The Simpsons: Season 14
(Fox)

The 22 episodes from the 2002-3 season are an incredibly uneven lot, starting with the annual “Treehouse of Horror” episode, which careens wildly from black-comic hilarity to wincingly awful jokes. There’s the usual plethora of guest voices, too (including musicians Tom Petty, Tony Bennett, Blink 182 and even Mick Jagger and Keith Richards), which always helps. The show looks far better on Blu-ray than it does in syndicated reruns, of course; the creators’ commentary on each episode is a must-listen, and other extras include 300th episode featurette, Matt Groening intro, deleted scenes and bonus “Treehouse” episodes.

Tanner Hall
(Anchor Bay)

This is an ungainly, sometimes unpleasant hybrid of school-shenanigan comedy and coming-of-age tale that’s neither fish nor fowl--it tries to be farcical, then gently satirical, then serious, and ends up being not much of anything. A decent cast is highlighted by Amy Sedaris’ too-brief appearance. The movie looks OK on Blu-ray; the lone extra is a commentary by writers-directors Francesca Gregorini and Tatiana von Furstenberg..

DVDs of the Week
The Black Power Mix Tape 1967-1975
(IFC)

This fascinating compendium of footage shot by Swedish television journalist crews during the Black Power movement of the late 60s/early 70s has been meticulously constructed by writer-director Goran Hugo Olsson, displaying a powerful dramatic and narrative arc that references many of the era’s famous events, from Martin Luther King’s murder to the Attica prison riots. The valuable testimonies of people from Stokely Carmichael to Angela Davis are included in this historically important document; extras include interviews with Davis, Shirley Chisholm and others, and featurettes.

Daddy Longlegs
(Zeitgeist)

This alternately fascinating and stultifying study of a divorced dad with two young boys whose staggering immaturity is supposedly mitigated by his unique way of looking at the world has moments of insight, but not enough to watch him for 95 minutes. Ronald Bronstein is excellent as the father, but after awhile he begins to feel inauthentic, despite the fact that he’s based on writers-directors Josh and Benny Safdie’s own dad. Extras include deleted scenes, a making-of featurette and a rehearsal test film.

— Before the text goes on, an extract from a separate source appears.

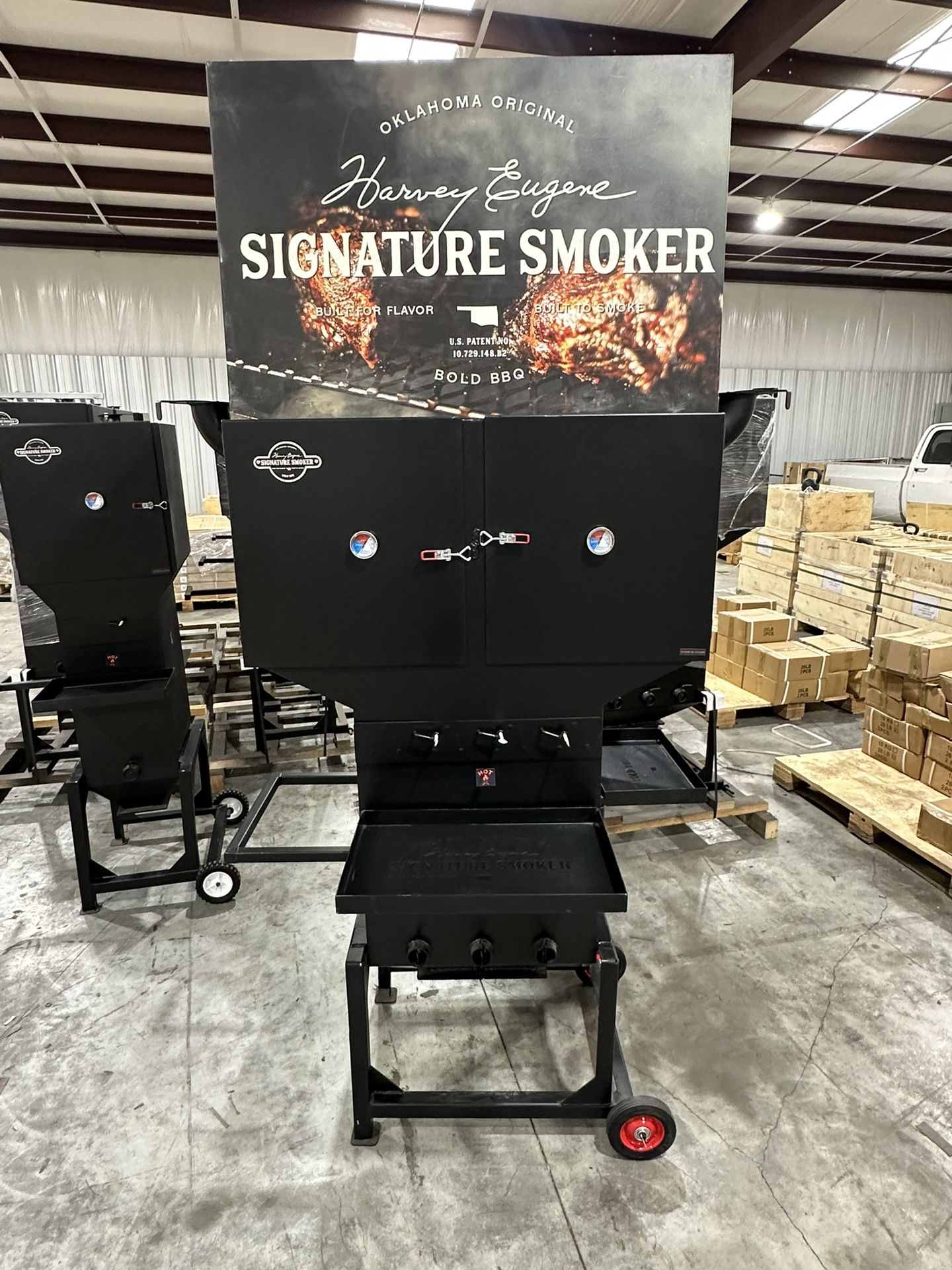 Brand New American Made Harvey Eugene Smokers 🇺🇸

Steve Jobs: One Last Thing
(PBS)

This 60-minute PBS special about the late Apple founder takes the measure of the man as a visionary, colleague and competitor, not skimping on his less attractive side, such as his feud with Bill Gates (who comes off fairly well here) and petty egotism when it came to movie studio Pixar’s success. But there is also a sense of admiration and awe for Jobs, who transformed the computer age into familiar and useable for everyone, for better or worse. It would have interesting to hear more about his indebtedness to the Beatles beyond simply him quoting a McCartney lyric while sharing a stage with Gates, though.

CDs of the Week
Diana Damrau, Liszt Songs and
Veronique Gens, Tragediennes 3

(Virgin Classics)
These tremendous singers give impressive vocal performances: German soprano Damrau sings German and Italian songs of Franz Liszt with expressiveness and intelligence, while French soprano Gens--on her third disc of tragic opera heroines--skillfully uses her dramatic range in excerpts from French operas from the 18th century (Mehul, Gluck) and 19th century (Berlioz, Meyerbeer), with some rarities thrown in for good measure, like Saint-Saens’ Henry VIII and Verdi’s French-language version of Don Carlos.

Rautavaara, Music for Children’s Choir
(Ondine)

One of the two great living Finnish composers--Aulis Sallinen is the other--Einojuhani Rautavaara has written substantive works in genres ranging from opera to chamber music, so that it’s no surprise that he’s also a master at works for children’s choir as well. Included in this superb release are an imposing one-act opera, Marjatta, The Lowly Maiden; an electrifying Children’s Mass; and several shorter but far from shallow pieces like Suite de Lorca, based on texts by Garcia Lorca. Singing beautifully throughout is the Tapiola Choir, accompanied by conductor Pasi Hyokki and the Tapiola Youth Symphony Orchestra in the Mass.